■ Task description ■
Please give back only the lines below from the one containing "Funko Pop! NHL" to the one containing "男头 可爱 粉色 日系 欧美 韩风 森系 情头 男生头像", each repeated word for word, both ends included.

■ Input data ■
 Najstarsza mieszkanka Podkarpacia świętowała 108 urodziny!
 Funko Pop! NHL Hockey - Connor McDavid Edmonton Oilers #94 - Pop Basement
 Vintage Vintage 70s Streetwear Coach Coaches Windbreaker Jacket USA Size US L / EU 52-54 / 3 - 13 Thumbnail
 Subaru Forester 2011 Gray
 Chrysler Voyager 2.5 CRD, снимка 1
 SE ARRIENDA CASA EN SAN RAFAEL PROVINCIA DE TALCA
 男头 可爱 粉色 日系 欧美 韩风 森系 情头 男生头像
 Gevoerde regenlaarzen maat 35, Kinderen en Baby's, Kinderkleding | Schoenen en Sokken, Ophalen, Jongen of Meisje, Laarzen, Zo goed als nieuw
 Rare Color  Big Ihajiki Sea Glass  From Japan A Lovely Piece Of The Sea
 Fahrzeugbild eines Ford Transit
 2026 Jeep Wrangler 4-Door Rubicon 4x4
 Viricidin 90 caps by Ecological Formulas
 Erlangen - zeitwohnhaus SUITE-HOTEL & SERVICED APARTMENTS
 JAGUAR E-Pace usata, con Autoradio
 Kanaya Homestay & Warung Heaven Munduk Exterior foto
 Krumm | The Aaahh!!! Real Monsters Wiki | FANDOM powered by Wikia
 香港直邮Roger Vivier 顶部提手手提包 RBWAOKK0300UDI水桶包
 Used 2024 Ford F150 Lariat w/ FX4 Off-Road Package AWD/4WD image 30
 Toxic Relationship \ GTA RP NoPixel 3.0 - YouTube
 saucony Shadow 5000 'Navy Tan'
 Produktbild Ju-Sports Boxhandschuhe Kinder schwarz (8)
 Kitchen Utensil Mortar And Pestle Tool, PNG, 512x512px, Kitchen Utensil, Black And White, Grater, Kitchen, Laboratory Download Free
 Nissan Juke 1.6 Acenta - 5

■ Problem solution ■
 Funko Pop! NHL Hockey - Connor McDavid Edmonton Oilers #94 - Pop Basement
 Vintage Vintage 70s Streetwear Coach Coaches Windbreaker Jacket USA Size US L / EU 52-54 / 3 - 13 Thumbnail
 Subaru Forester 2011 Gray
 Chrysler Voyager 2.5 CRD, снимка 1
 SE ARRIENDA CASA EN SAN RAFAEL PROVINCIA DE TALCA
 男头 可爱 粉色 日系 欧美 韩风 森系 情头 男生头像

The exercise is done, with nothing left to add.